NFT and Crypto Games Outperformed DeFi Amid Market Selloffs in May: Report
DApp discovery and analysis platform DappRadar released a detailed report analyzing the state of the crypto market in May. It mainly covered three areas: DeFi, NFT activities, and crypto games, stating that the Terra debacle did not destroy the overall DeFi ecosystems. NFT trading volume was only down 6% from April if measured in token prices, and interest in blockchain games remained sturdy amid crypto selloffs.
DeFi Is Not Dead
According to DappRadar’s report, shared with CryptoPotato, DeFi was the most beaten-down sector in May. The industry had a total of $117 million in Total Locked Value (TLV) – 45% below what it had achieved as recorded by the end of April. Among all the DeFi protocols, Tron noticeably was the only network that recorded a positive number for TLV – an increase of 47% MoM – while the rest of the major projects all experienced declines.
Despite the seeming weakness exacerbated by Terra’s historic collapse, the report stated that the sector is “far from dead” because it has achieved an 11% YoY growth in terms of TLV. Moreover, dominant decentralized exchange Uniswap reached the landmark of $1 trillion transaction volume in the same month.
NFT Is Consolidating
NFT transaction volume dropped 20% MoM – when measured in USD – but the number would have come down to 6% if viewed in the native tokens of the NFTs. It shows that the bear market did not fundamentally shake out people’s convictions in the sector, the report found.

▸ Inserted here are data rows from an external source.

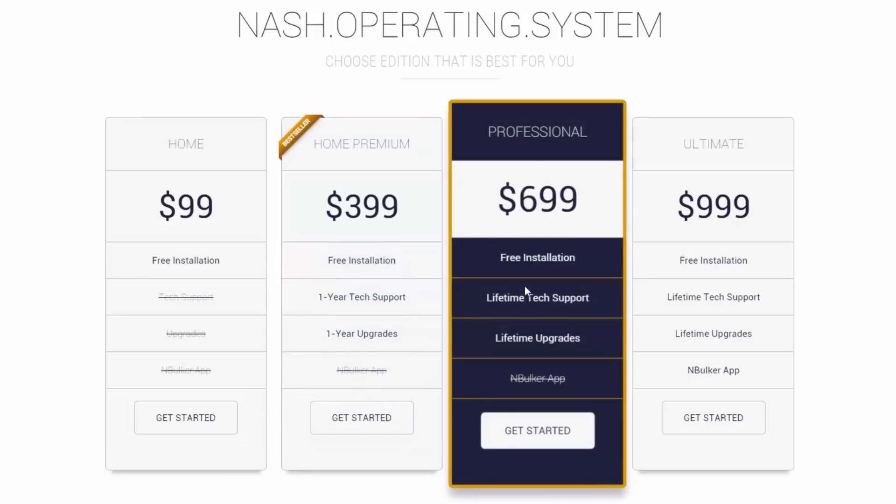Third from left is Professional Edition and it comes with free installation as well as lifetime tech support and upgrades. Compared to Home Premium Edition where you have to repurchase every year to keep the premium option of tech support and upgrades, in Professional Edition you will never need to repurchase Nash OS again — pay once per lifetime. Keep in mind, nBulker, the bulk listing application, is excluded in this edition as it only comes with Ultimate Edition.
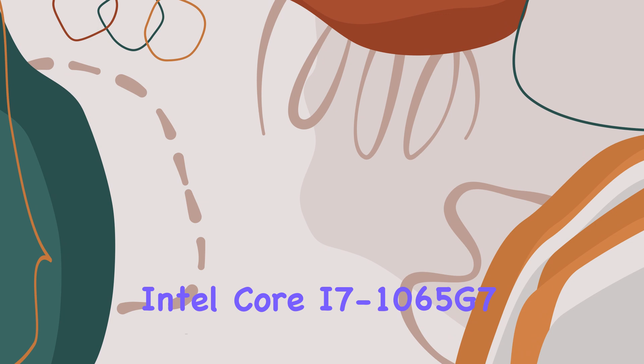This setup suggests smooth handling of everyday tasks such as document editing, web browsing, and even some light photo editing. The 8GB DDR4 RAM at 2666MHz is adequate for multitasking, allowing users to switch between applications with minimal lag.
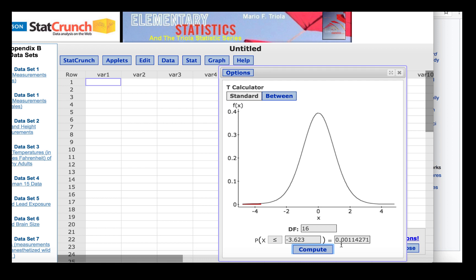Now we find that this area is .0011 when we round to four decimal places.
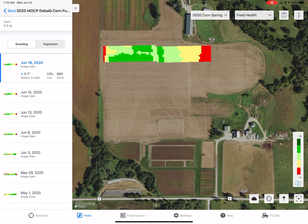Hello, this is Clayton, technical agronomist for DeKalb and Asgrow in Northeast Kansas and Northwest Missouri. Today I wanted to discuss how to read and utilize the Field Health Imagery Report through Climate FieldView.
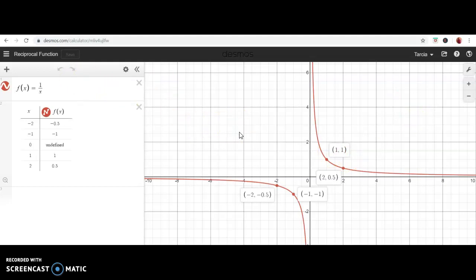Those are your six parent functions. What you need to know is the shape of each one, the formula for each, and most importantly the shape — so you can look at a graph and identify what type of function it is. If you have any questions about these six parent functions, leave them in the comments below. If not, go watch the next video, which is on transformations of graphs.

It’s worth noting that Solana NFTs generated $335 million across all marketplaces, growing 13% from April, defying the overall market condition. Despite the plunged floor prices of blue-chipped projects like BAYC and MAYC, the NFT space did not lose momentum as new protocols continue to attract volume from investors.
In terms of marketplaces, OpenSea’s dominance declined along with the rising competition derived from Solana-based Magic Eden, Wax’s Atomic Hub, and more. Coinbase Marketplace was viewed as a “failed experiment” since it only generated $2.5M since launching on April.20th this year.
The report further noted that despite the recent contraction occurring in the NFT space, the rapidly growing sector has been in a consolidation stage since it peaked in January this year, and its engagement with non-crypto-native populations has changed the current crypto landscape.
The exposure that the blockchain industry receives from NFTs, puts today’s crypto market in an entirely different position from the conditions seen in the 2018 crypto winter. In those days the levels of engagement and enthusiasm around the industry were alarmingly low. While the mainstream media keeps calling for the NFT bubble to burst, the market conditions of the NFT space disagree. – reads the paper.
Blockchain Games Remain Resisilent
Compared to DeFi or even NFTs, blockchain games suffered the least, with the number of such transactions only down 5% from April. Meanwhile, the report quoted a16z’s $4.5 billion commitment as a boost to the Metaverse and related blockchain games.
The document attributed the latest move-to-earn trend – embedding a gamification element to physical activities – as a new incentive that onboards new players and sustains the sector’s growth.